_TASK ITEM_
Check every line below for the string "ante", and copy the lines that contain it.

_DATA PROVIDED_
********

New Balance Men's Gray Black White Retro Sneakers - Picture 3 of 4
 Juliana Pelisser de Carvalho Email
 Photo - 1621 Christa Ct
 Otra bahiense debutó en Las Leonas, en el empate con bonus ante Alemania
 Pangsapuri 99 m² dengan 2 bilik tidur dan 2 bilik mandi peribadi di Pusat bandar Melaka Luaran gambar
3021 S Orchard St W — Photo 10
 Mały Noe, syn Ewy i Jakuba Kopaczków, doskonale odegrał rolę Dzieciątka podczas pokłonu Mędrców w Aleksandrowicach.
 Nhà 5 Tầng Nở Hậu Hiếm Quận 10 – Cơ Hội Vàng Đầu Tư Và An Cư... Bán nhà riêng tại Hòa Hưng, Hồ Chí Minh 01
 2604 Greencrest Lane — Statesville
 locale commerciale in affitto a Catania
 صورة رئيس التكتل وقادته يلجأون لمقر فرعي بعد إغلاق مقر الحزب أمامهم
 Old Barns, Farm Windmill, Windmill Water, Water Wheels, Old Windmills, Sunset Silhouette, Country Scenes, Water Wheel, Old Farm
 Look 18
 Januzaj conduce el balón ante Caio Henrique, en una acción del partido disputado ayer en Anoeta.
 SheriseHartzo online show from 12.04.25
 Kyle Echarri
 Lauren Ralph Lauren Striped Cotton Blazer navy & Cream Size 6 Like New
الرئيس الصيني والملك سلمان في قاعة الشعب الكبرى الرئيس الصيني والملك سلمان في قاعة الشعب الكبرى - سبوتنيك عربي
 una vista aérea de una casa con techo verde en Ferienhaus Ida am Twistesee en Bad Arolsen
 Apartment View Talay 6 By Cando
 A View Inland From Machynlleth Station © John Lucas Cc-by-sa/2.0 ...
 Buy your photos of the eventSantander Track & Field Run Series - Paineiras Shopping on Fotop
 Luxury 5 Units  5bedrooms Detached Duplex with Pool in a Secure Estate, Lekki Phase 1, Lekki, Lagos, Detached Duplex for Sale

********

_YOUR SOLUTION_
 Otra bahiense debutó en Las Leonas, en el empate con bonus ante Alemania
 Januzaj conduce el balón ante Caio Henrique, en una acción del partido disputado ayer en Anoeta.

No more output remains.